Rutherford stood for the Hurunui seat in the General Assembly in 1902 as a Liberal, mainly in the hope of obtaining better roads and a bridge across the Waiau River. Premier Richard Seddon endorsed him in preference to George Forbes, who also stood as a Liberal candidate and polled fourth. Rutherford had overwhelming majorities in both the 1902 and 1905 elections.
He found himself in a difficult position in the Liberal caucus. He strongly favoured the optional system whereby land leased from the Crown could be freeholded, while many in the party were in favour of the retention of much Crown land by allowing only leasehold tenure. He also strongly favoured free trade: it would cheapen farm supplies and lessen farmers' dependence on towns. The radical proposal for a single tax on land, aimed partly at breaking up large estates, was, naturally, opposed by Rutherford.

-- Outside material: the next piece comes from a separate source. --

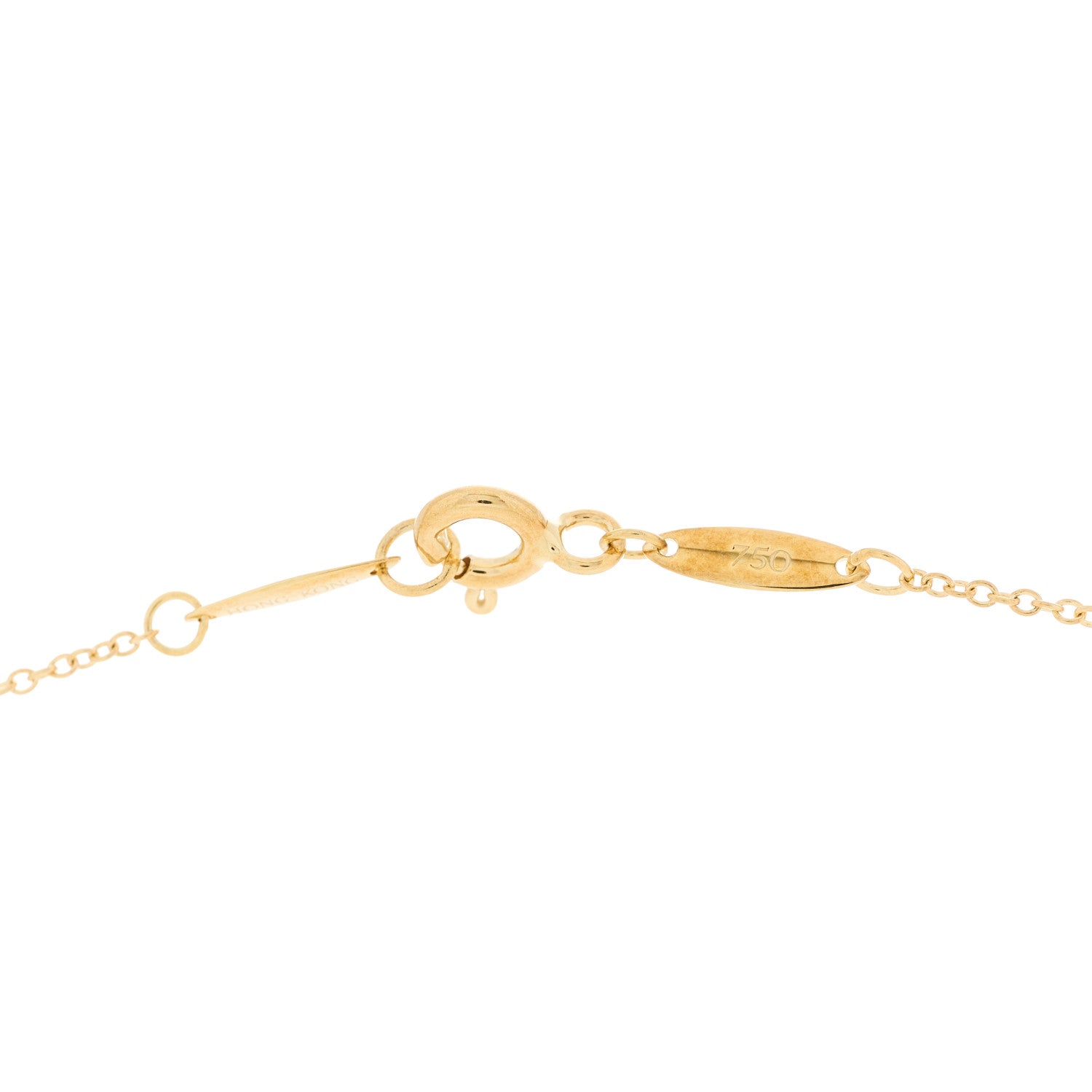 Tiffany 18K Yellow Gold Jade Elsa Peretti Eternal Circle Necklace 4 of 5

When in 1904 and 1905 a small group of radicals tried to force Seddon to appoint one of their number to cabinet, Rutherford became one of the chief organisers of a country party aimed at checking their influence. He threatened to join the opposition if Seddon agreed to their demands. The resistance of Rutherford and other freeholders forced Seddon's successor, Sir Joseph Ward, to drop his Land Bill in 1906.
In spite of his general conservatism, Rutherford championed the underdog, supported the preservation of birds and the environment and believed that all trades and professions should be open to women. He was regarded as a parliamentary authority on agricultural and pastoral matters and performed useful work in the relevant committees. Physically dominant (he was six feet three inches tall), he was 'a cheery optimist who under the guise of pleasant raillery, [said] the most incisively cutting things'.
Rutherford retired from politics in 1908. In 1910 he took his wife and three unmarried daughters on a world tour, and his experiences, written as articles for the Christchurch Press, were published as The impressions of a New Zealand pastoralist on tour.
Andrew Rutherford died of influenza in Christchurch on 11 November 1918 and was buried in the Waiau cemetery. His death was the occasion of generous tributes from Prime Minister William Massey (a personal friend) and Joseph Ward. Emily Rutherford survived her husband, eventually retiring to Kaikoura. She died on 26 January 1955 and was buried with her husband.